There’s something almost poetic, albeit unfortunate, about the fact that Alexandra McGuinness’ debut film “Lotus Eaters” has been held up for an American release by acquiring the proper music rights after premiering at the Tribeca Film Festival two years ago. After all, it is the music that proves a stumbling block for its central characters, which isn’t to speak of the film’s killer soundtrack consisting of an incredible array of Brit bands, but of the group of privileged, young loungeabouts that all dance to the beat of their own drummer. All except for Alice (Antonia Campbell-Hughes), who finds herself out of step with her peers by merely having professional ambitions to transition out of modeling into acting, looking to put a past of empty partying, loud concerts and overstimulated exes behind her.
Thrown together onscreen and filmed in lush black-and-white with a style nearly as decadent as the lives led by the crowd Alice runs with before hoping to run from, “Lotus Eaters” marks a similar breakaway for its writer/director who spent her early twenties finding a proper creative outlet. As the film finally makes its way to theaters this weekend, the Irish-bred filmmaker spoke of the liberating, haphazard production of the film, her film education and setting her next film, a psychological thriller, within familiar confines.

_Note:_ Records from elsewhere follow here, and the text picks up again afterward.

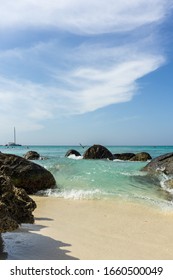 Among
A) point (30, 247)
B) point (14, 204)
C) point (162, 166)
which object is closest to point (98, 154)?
point (162, 166)

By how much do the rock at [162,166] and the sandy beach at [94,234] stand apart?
8293 mm

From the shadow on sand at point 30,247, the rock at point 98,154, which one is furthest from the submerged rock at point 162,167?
the rock at point 98,154

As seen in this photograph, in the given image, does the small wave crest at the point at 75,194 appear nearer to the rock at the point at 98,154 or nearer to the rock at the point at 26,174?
the rock at the point at 26,174

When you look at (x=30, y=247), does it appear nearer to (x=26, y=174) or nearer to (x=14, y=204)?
(x=14, y=204)

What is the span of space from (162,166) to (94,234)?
1191cm

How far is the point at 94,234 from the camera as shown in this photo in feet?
19.2

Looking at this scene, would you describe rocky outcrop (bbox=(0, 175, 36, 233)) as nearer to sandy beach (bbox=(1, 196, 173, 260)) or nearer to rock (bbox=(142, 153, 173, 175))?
sandy beach (bbox=(1, 196, 173, 260))

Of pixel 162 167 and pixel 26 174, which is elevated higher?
pixel 26 174

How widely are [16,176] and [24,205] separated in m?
5.72

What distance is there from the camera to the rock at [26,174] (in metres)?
10.9

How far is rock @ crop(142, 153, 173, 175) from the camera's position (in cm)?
1661

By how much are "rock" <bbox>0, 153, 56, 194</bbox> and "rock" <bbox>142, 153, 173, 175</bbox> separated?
22.5ft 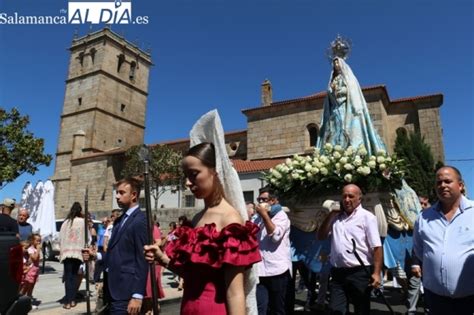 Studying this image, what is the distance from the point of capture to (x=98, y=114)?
4703 centimetres

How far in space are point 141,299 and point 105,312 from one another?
0.55 meters

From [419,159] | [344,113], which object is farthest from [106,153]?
[344,113]

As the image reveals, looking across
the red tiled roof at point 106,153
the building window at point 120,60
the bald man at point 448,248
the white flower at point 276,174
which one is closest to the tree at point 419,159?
the white flower at point 276,174

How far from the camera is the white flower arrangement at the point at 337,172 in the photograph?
4.98 metres

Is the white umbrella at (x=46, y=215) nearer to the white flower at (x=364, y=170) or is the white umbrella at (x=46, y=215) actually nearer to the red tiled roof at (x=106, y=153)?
the white flower at (x=364, y=170)

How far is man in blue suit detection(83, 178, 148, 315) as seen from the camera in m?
3.40

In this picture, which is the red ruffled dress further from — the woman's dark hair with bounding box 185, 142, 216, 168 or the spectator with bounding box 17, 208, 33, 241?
the spectator with bounding box 17, 208, 33, 241

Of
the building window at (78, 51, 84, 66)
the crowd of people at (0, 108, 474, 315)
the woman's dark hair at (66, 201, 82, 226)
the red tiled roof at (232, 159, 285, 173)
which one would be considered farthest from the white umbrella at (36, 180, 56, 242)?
the building window at (78, 51, 84, 66)

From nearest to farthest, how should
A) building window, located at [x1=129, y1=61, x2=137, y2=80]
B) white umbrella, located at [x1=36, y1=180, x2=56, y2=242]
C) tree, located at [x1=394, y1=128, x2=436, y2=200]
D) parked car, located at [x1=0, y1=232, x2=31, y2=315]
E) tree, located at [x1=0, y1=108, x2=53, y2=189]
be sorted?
1. parked car, located at [x1=0, y1=232, x2=31, y2=315]
2. white umbrella, located at [x1=36, y1=180, x2=56, y2=242]
3. tree, located at [x1=0, y1=108, x2=53, y2=189]
4. tree, located at [x1=394, y1=128, x2=436, y2=200]
5. building window, located at [x1=129, y1=61, x2=137, y2=80]

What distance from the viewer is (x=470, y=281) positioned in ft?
9.55

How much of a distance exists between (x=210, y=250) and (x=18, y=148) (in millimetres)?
20241

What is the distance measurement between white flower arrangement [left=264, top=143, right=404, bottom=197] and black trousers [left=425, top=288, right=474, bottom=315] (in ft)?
6.68

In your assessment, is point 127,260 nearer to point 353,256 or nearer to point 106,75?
point 353,256

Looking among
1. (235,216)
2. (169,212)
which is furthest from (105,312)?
(169,212)
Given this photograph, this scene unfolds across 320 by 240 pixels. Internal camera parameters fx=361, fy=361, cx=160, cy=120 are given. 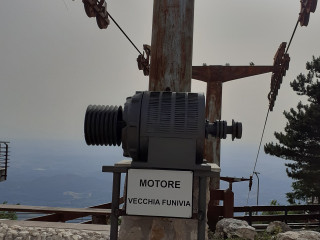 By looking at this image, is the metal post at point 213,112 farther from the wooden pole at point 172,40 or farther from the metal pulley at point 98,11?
the wooden pole at point 172,40

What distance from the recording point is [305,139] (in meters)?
20.5

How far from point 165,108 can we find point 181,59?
1454 mm

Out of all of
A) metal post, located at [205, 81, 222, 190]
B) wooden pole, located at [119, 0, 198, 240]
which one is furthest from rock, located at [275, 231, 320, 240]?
wooden pole, located at [119, 0, 198, 240]

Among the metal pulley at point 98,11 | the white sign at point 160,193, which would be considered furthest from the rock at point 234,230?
the white sign at point 160,193

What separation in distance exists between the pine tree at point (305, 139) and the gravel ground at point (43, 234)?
15.6 m

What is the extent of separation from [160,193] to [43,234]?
518cm

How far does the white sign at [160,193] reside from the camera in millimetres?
2303

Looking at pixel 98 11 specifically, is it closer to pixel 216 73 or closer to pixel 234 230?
pixel 216 73

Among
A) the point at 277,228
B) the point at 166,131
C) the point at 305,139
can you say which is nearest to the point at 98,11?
the point at 166,131

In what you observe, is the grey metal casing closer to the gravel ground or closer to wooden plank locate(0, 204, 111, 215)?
the gravel ground

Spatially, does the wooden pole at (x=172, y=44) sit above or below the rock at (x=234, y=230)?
above

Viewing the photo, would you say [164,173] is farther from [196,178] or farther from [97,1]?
[97,1]

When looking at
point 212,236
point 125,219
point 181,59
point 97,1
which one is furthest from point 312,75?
point 125,219

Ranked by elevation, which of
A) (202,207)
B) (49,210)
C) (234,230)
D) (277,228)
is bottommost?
(277,228)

Since it was a little bit ago when it made its premiere at Tribeca, what’s it like to look back at this film with a little bit of distance?
It’s almost two years since we showed it at Tribeca, so it is funny we’re having our theatrical release now. The main reason for the delay is because if you remember, there was so much music in the film and we cleared everything so quickly for festivals, and then we just had to go back and redo a lot of that, so that was really the delay. But it’s great now that it’s out there and in some ways, I feel like it’s a better time for it to come out now. I’ve been watching “Girls” recently and I feel like there are some parallels between us and that it’s readied an audience for “Lotus Eaters” because people are accepting of the humor there. I’ve changed a lot since I’ve made the movie, but now when I watch it, I can watch it as a viewer really.

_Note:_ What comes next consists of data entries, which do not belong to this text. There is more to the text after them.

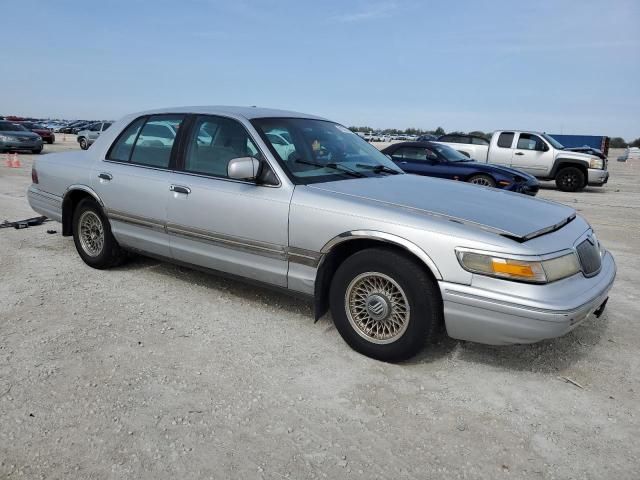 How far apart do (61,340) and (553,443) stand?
10.1 feet

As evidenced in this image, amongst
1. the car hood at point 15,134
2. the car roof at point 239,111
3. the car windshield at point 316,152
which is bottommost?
the car hood at point 15,134

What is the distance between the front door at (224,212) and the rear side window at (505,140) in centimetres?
1310

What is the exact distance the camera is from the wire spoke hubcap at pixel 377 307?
10.5ft

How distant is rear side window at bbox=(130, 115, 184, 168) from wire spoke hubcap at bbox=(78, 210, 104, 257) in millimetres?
797

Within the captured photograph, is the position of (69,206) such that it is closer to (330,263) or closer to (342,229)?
(330,263)

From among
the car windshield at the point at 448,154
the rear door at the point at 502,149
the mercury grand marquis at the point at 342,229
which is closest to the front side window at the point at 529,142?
the rear door at the point at 502,149

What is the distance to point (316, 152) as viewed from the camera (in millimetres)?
Answer: 3998

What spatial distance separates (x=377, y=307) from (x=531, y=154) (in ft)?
44.7

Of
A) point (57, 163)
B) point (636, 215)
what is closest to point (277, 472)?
point (57, 163)

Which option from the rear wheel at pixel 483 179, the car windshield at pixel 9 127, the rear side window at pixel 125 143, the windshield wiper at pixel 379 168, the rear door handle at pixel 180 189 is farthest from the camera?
the car windshield at pixel 9 127


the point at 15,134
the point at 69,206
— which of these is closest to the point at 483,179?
the point at 69,206

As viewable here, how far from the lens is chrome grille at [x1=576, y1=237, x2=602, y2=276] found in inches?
126

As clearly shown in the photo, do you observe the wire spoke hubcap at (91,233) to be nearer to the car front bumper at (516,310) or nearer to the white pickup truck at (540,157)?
the car front bumper at (516,310)

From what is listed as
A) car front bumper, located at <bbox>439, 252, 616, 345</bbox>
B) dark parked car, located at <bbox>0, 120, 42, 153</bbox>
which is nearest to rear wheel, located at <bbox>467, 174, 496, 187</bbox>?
car front bumper, located at <bbox>439, 252, 616, 345</bbox> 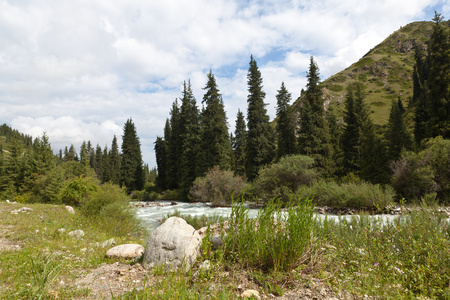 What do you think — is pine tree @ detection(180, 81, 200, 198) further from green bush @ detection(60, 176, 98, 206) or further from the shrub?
green bush @ detection(60, 176, 98, 206)

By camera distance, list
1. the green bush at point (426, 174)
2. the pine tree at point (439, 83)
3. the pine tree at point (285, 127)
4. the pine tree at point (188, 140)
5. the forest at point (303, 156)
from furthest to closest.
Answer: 1. the pine tree at point (188, 140)
2. the pine tree at point (285, 127)
3. the pine tree at point (439, 83)
4. the forest at point (303, 156)
5. the green bush at point (426, 174)

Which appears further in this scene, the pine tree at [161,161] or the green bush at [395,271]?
the pine tree at [161,161]

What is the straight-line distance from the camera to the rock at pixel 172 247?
A: 12.3 feet

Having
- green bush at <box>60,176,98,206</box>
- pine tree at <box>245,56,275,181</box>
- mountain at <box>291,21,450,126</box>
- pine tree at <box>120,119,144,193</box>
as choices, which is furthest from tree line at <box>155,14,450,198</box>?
mountain at <box>291,21,450,126</box>

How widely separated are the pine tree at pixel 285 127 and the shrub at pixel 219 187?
8.59 m

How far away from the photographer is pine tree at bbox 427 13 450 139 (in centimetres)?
2048

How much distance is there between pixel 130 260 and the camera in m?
4.62

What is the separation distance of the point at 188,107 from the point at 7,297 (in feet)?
121

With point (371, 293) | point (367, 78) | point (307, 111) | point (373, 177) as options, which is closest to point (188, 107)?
point (307, 111)

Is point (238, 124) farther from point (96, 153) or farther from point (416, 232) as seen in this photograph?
point (96, 153)

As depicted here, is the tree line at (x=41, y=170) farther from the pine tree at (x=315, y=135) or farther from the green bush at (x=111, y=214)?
the pine tree at (x=315, y=135)

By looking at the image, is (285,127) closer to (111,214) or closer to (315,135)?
(315,135)

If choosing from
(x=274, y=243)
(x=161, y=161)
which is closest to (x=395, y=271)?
(x=274, y=243)

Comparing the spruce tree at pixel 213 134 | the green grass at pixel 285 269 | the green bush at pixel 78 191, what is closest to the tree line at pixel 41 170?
the green bush at pixel 78 191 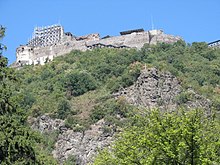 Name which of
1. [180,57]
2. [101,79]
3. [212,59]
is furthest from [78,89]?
[212,59]

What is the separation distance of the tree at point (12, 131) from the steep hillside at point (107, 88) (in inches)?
961

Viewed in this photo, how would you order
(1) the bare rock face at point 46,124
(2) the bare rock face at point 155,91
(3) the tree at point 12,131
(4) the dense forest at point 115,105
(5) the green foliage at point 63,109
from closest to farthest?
(4) the dense forest at point 115,105, (3) the tree at point 12,131, (1) the bare rock face at point 46,124, (2) the bare rock face at point 155,91, (5) the green foliage at point 63,109

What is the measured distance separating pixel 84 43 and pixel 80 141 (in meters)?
36.6

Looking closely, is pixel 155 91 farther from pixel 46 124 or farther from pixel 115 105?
pixel 46 124

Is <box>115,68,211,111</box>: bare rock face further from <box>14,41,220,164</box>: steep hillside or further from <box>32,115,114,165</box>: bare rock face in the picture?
<box>32,115,114,165</box>: bare rock face

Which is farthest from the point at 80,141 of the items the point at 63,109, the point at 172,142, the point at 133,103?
the point at 172,142

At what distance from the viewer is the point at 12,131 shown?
24.6 meters

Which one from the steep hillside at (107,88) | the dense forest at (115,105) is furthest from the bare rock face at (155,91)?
the dense forest at (115,105)

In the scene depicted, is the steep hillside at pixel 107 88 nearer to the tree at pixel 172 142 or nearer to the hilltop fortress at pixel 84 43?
the hilltop fortress at pixel 84 43

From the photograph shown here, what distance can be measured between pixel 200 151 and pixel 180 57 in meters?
55.5

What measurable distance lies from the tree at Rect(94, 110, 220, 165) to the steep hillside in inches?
1032

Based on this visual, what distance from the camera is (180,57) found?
7575 cm

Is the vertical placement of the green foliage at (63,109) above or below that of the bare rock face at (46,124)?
above

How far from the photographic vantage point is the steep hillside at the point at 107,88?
5672 centimetres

How did this first feature come about?
I had finished film school in London and I had a lot of notebooks full of character sketches and just kind of grabs of dialogue that I’d overheard or just that I pieced together and I started writing the script. We wanted to make a movie that had a unique style, both in the cutting and the cinematography style that was not so much plot-driven as character-driven. That the style and the music and all of that was as much a part of the film in some ways as the story and to make it hyperreal — its own world. We started making it before we really had all the money in place and we kind of just had to catch up with ourselves.
You were able to place your characters right in the middle of big events like the Nottingham Carnival and public places. Were those moments a bit like flying by the seat of your pants?
It just happened Nottingham Carnival was during our shoot, so we thought, “okay, we’ll shoot a scene there.” We shot Glastonbury before the shoot. That was the first thing we shot. So we just wrote those things into the script. We planned like an extra little shoot in France and then there was like another little shoot at the Serpentine Summer Party. And when things like that became available to us, we made it happen. But they were all little splinter crews.
Did the story organically emerge from the pieces you had?
We had Alice at the core of it and we had these other characters and we knew they had things that had to happen, but like if an opportunity arose, we’d say okay, well if we have something that needs to happen, we’ll make it happen there instead of in a kitchen. [laughs] So we just wanted to up our production value as much as possible and just to show off London and where we were while working with what we had.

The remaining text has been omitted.